**EXERCISE DESCRIPTION:** The full listing is to be transcribed exactly, with each picture left out.

**DATA SEGMENT:**
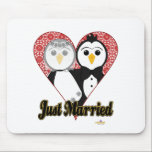 Penguins Wedding Lace Heart Just Married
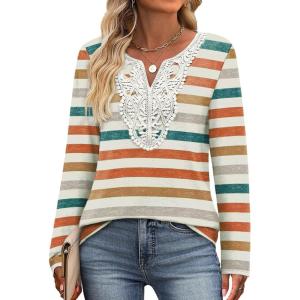 imageXIEERDUO Boho Tops for Women Blouses Dressy Casual V Neck Long Sleeve Shirts Fall Outfits Trendy Vacation ClothesZ Striped Orange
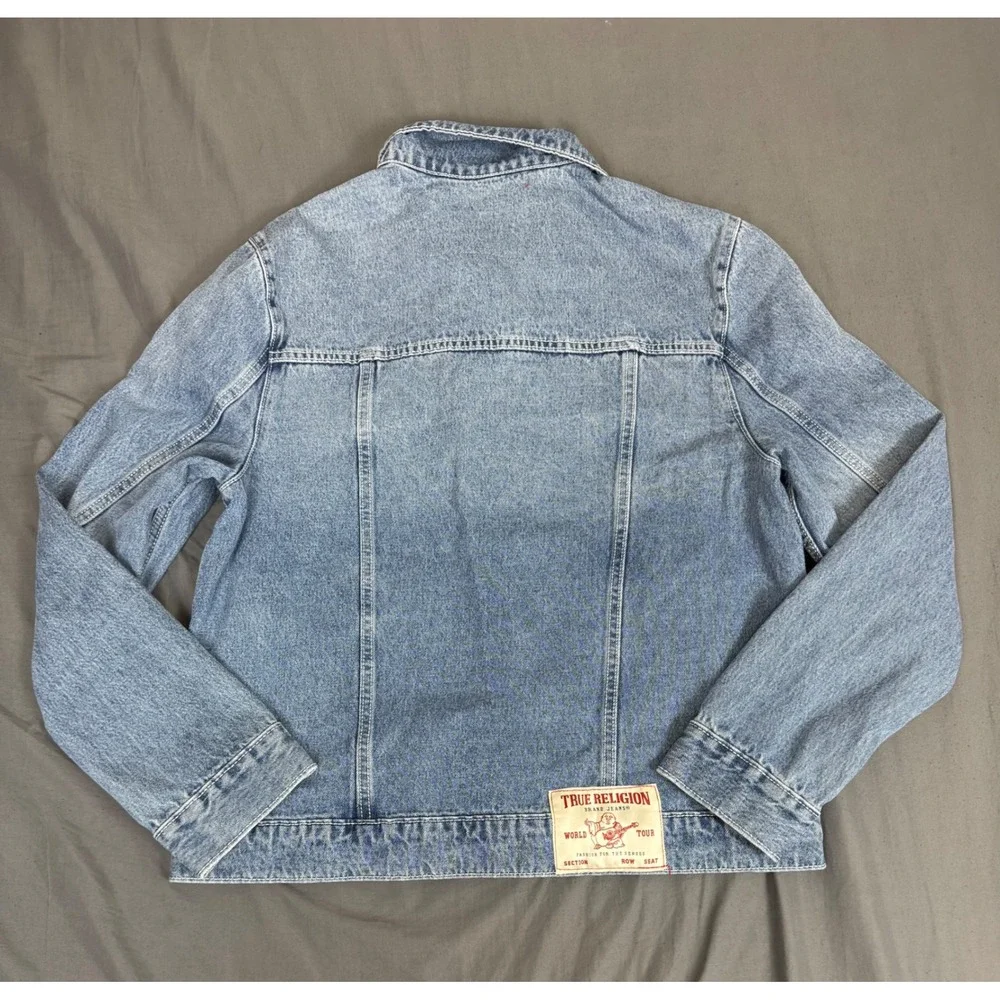 True Religion Mens Applique SN Denim Jacket Light Pacific Wash 701192 Small NWT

**OUTPUT FOR THIS TASK:**
 Penguins Wedding Lace Heart Just Married
 imageXIEERDUO Boho Tops for Women Blouses Dressy Casual V Neck Long Sleeve Shirts Fall Outfits Trendy Vacation ClothesZ Striped Orange
 True Religion Mens Applique SN Denim Jacket Light Pacific Wash 701192 Small NWT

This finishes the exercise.